Reference [here](https://docs.microsoft.com/en-us/python/api/azure-identity/azure.identity.defaultazurecredential?view=azure-python) for more information.

`DefaultAzureCredential` should be capable of handling most Azure SDK authentication scenarios. 
Reference [here](https://docs.microsoft.com/en-us/python/api/azure-identity/azure.identity?view=azure-python) for all available credentials if it does not work for you.  

In [None]:
from azure.identity import DefaultAzureCredential

try:
    credential = DefaultAzureCredential()
    # Check if given credential can get token successfully.
    credential.get_token('https://management.azure.com/.default')
except Exception as ex:
    # If exception happens when retrieve token, try exclude the failed credential like this then try again:
    # Exclude VSCode credential:
    # credential = DefaultAzureCredential(exclude_visual_studio_code_credential=True)
    raise Exception("Failed to retrieve a token from the included credentials due to the following exception, try to add `exclude_xxx_credential=True` to `DefaultAzureCredential` and try again.") from ex

## 1.3. Configure workspace details and get a handle to the workspace

To connect to a workspace, we need identifier parameters - a subscription, resource group and workspace name. We will use these details in the `MLClient` from `azure.ml` to get a handle to the required Azure Machine Learning workspace.

In [None]:
try:
    ml_client = MLClient.from_config(credential=credential)
except Exception as ex:
    # NOTE: Update following workspace information if not correctly configure before
    client_config = {
        "subscription_id": "<SUBSCRIPTION_ID>",
        "resource_group": "<RESOURCE_GROUP>",
        "workspace_name": "<WORKSPACE_NAME>"
    }

    if client_config["subscription_id"].startswith('<'):
        print("please update your <SUBSCRIPTION_ID> <RESOURCE_GROUP> <WORKSPACE_NAME> in notebook cell")
        raise ex
    else:  # write and reload from config file
        import json, os
        config_path = "../../.azureml/config.json"
        os.makedirs(os.path.dirname(config_path), exist_ok=True)
        with open(config_path, "w") as fo:
            fo.write(json.dumps(client_config))
        ml_client = MLClient.from_config(credential=credential, path=config_path)
print(ml_client)

## 1.4. Retrieve or create an Azure Machine Learning compute target
Azure Machine Learning Compute is a service for provisioning and managing clusters of Azure virtual machines for running machine learning workloads. Create a new Azure Machine Learning Compute in the current workspace, if it doesn't already exist. We will then run the pipeline on this compute target.

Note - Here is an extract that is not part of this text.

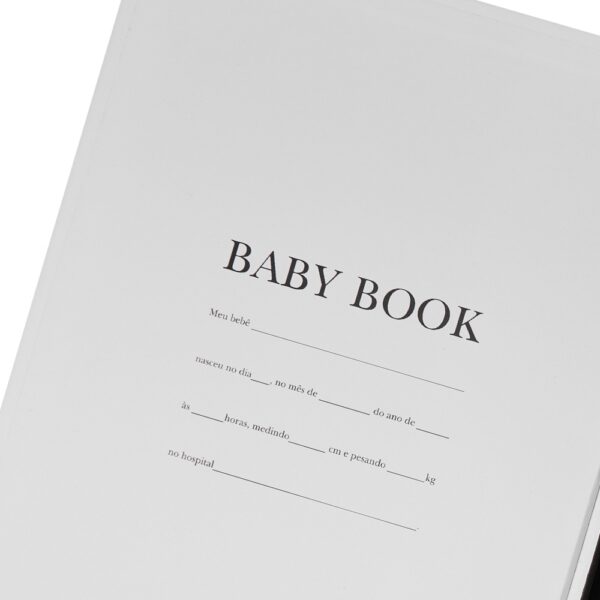 Box Baby Book Premium - Image 5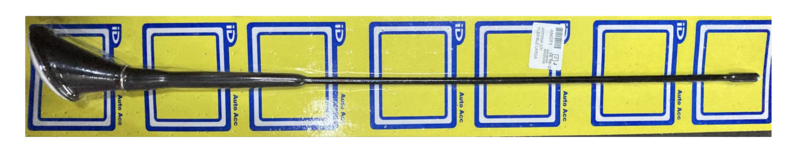 ANTENA GTI FLEXIBLE LARGA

If we could not find the compute with the given name, then we will create a new compute here. This process is broken down into the following steps:

1. Create the configuration
2. Create the Azure Machine Learning compute

**This process will take a few minutes and is providing only sparse output in the process. Please make sure to wait until the call returns before moving to the next cell.**

In [None]:
from azure.ml.entities import AmlCompute

# specify aml compute name.
gpu_compute_target = 'gpu-cluster'
cpu_compute_target = 'cpu-cluster'

try:
    ml_client.compute.get(cpu_compute_target)
except Exception:
    print('Creating a new cpu compute target...')
    compute = AmlCompute(name=cpu_compute_target, size="STANDARD_D2_V2", min_instances=0, max_instances=4)
    ml_client.compute.begin_create_or_update(compute)

try:
    ml_client.compute.get(gpu_compute_target)
except Exception:
    print('Creating a new gpu compute target...')
    compute = AmlCompute(name=gpu_compute_target, size="STANDARD_NC6", min_instances=0, max_instances=4)
    ml_client.compute.begin_create_or_update(compute)

## Prepare dataset
This dataset is a subset of the [Open Images Dataset](https://storage.googleapis.com/openimages/web/index.html).
- training dataset contains 24 images (3 categories * 8 images per category)
- validation dataset contains 6 images (3 categories * 2 images per category)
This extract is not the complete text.